Short web captions:

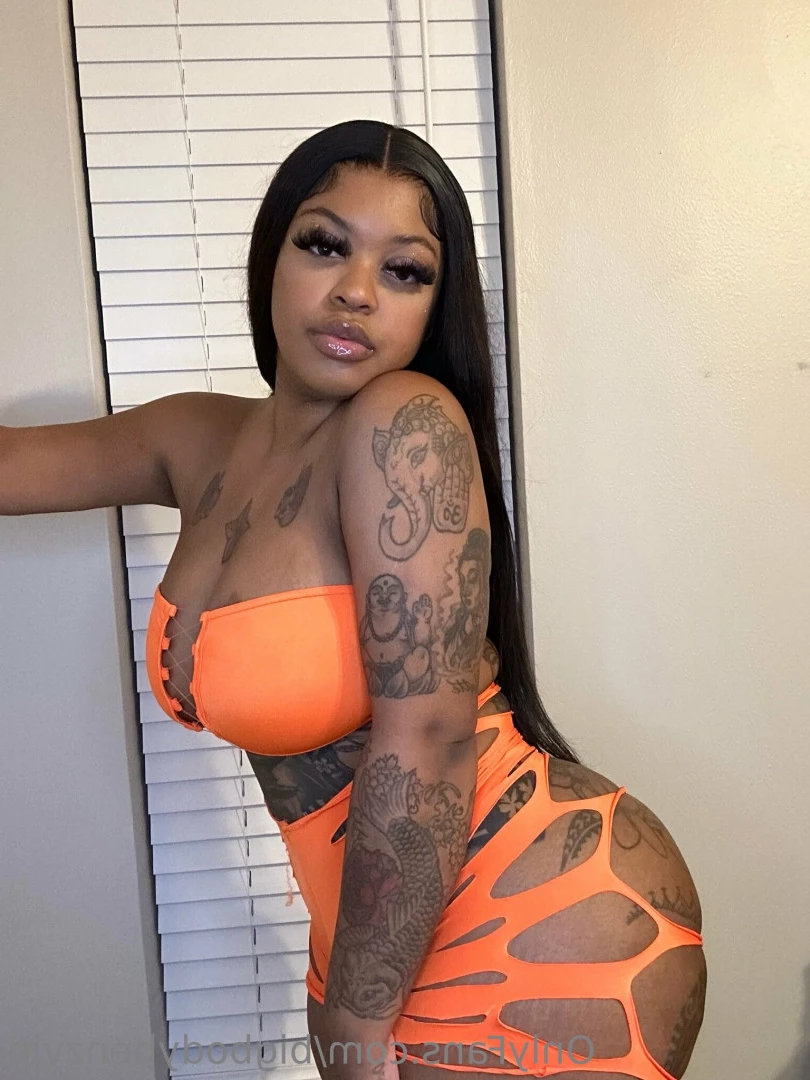 Your princess [ bigbodybenzvip ] Onlyfans leaked photo 10527986 on Hotleaks.tv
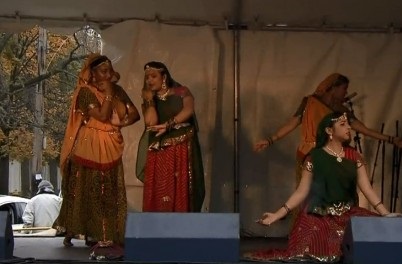 Dançarinas atuam durante as celebrações Diwali no Gerrard India Bazaar, 2 de novembro de 2013. CityNews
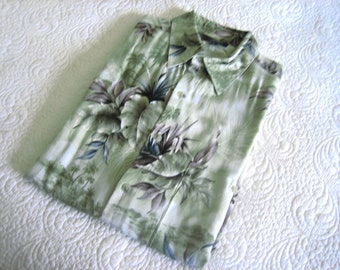 TOP Hawaiian Floral Flower Shirt Men or Women Vintage MOD Authentic Gray and Gren Tones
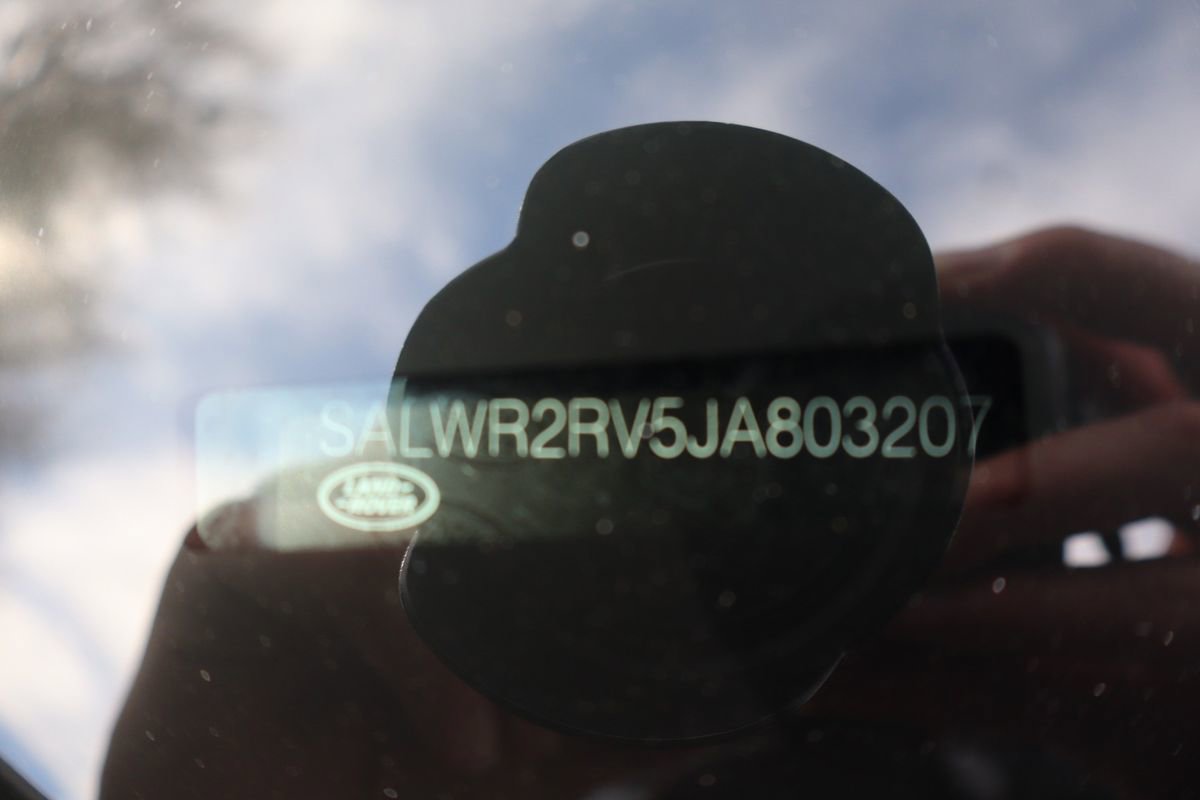 Used 2018 Land Rover Range Rover Sport HSE image 48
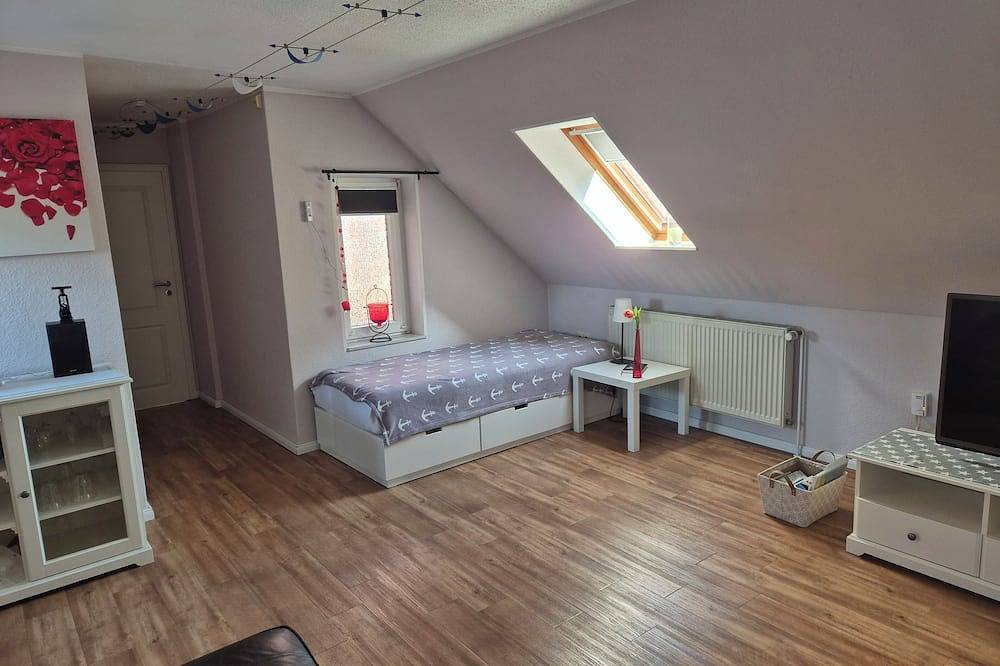 Ganze Wohnung, Ferienwohnung Hardt, Osterrönfeld, am Nord-Ostsee-Kanal im Zentrum S-H in Osterrönfeld, Rendsburg-Eckernförde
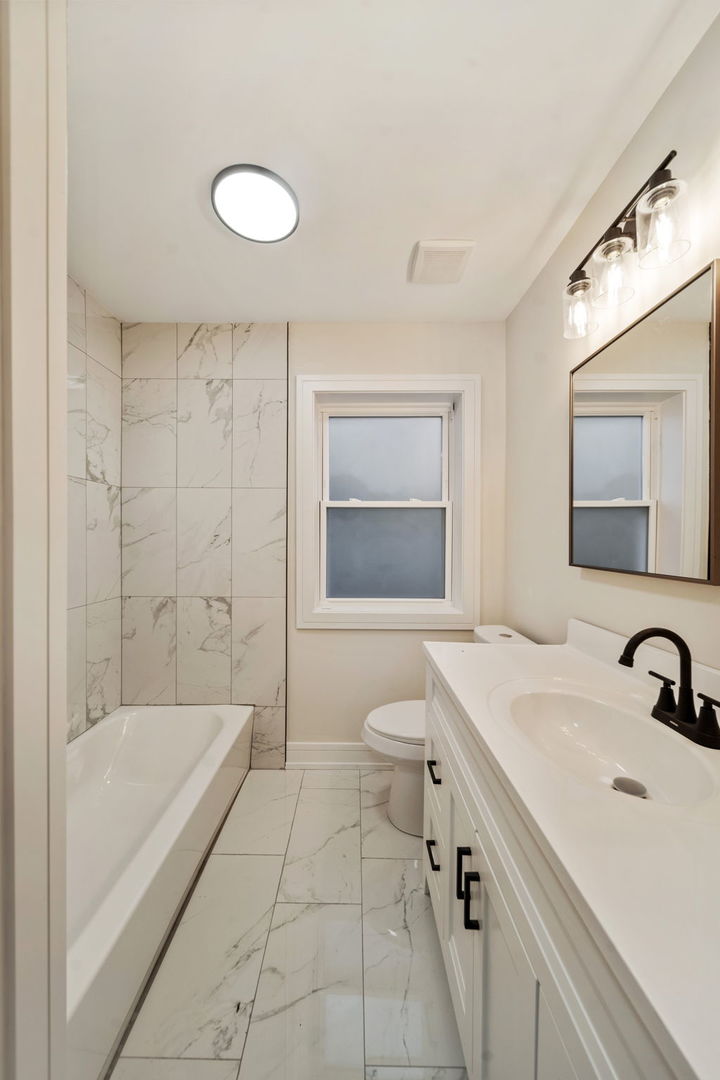 10235 South Rhodes Avenue Chicago, IL 60628 - Photo 22 of 45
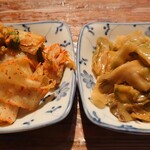 ホワイト餃子 - キムチにザーサイ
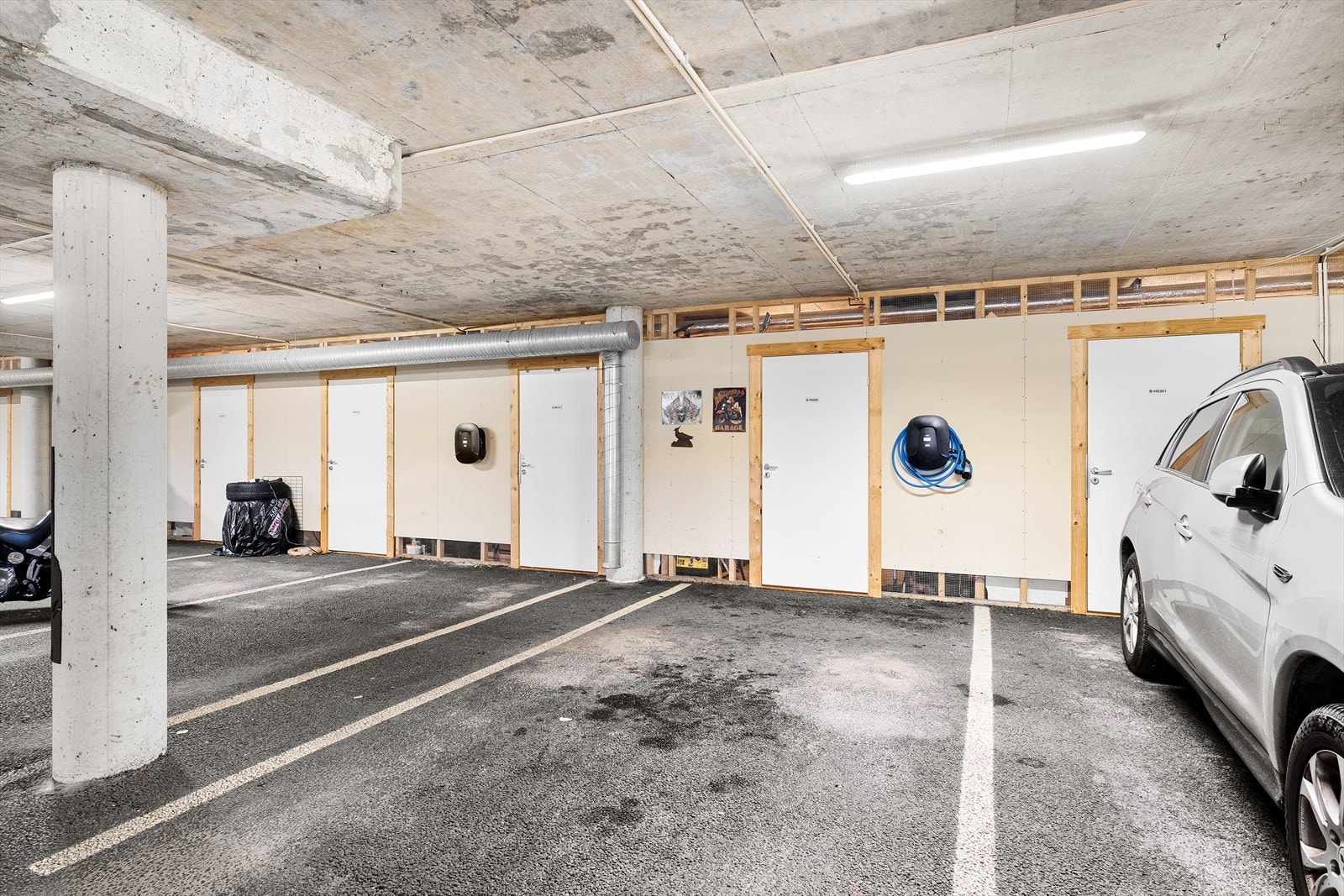 Egen parkeringsplass i lukket garasjeanlegg med tilhørende sportsbod og elbillader som medfølger handelen. Galleribilde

== What is required ==
Pictures do not belong in the copy. Output all of the records exactly.

== Task solution ==
 Your princess [ bigbodybenzvip ] Onlyfans leaked photo 10527986 on Hotleaks.tv
 Dançarinas atuam durante as celebrações Diwali no Gerrard India Bazaar, 2 de novembro de 2013. CityNews
 TOP Hawaiian Floral Flower Shirt Men or Women Vintage MOD Authentic Gray and Gren Tones
 Used 2018 Land Rover Range Rover Sport HSE image 48
 Ganze Wohnung, Ferienwohnung Hardt, Osterrönfeld, am Nord-Ostsee-Kanal im Zentrum S-H in Osterrönfeld, Rendsburg-Eckernförde
 10235 South Rhodes Avenue Chicago, IL 60628 - Photo 22 of 45
 ホワイト餃子 - キムチにザーサイ
 Egen parkeringsplass i lukket garasjeanlegg med tilhørende sportsbod og elbillader som medfølger handelen. Galleribilde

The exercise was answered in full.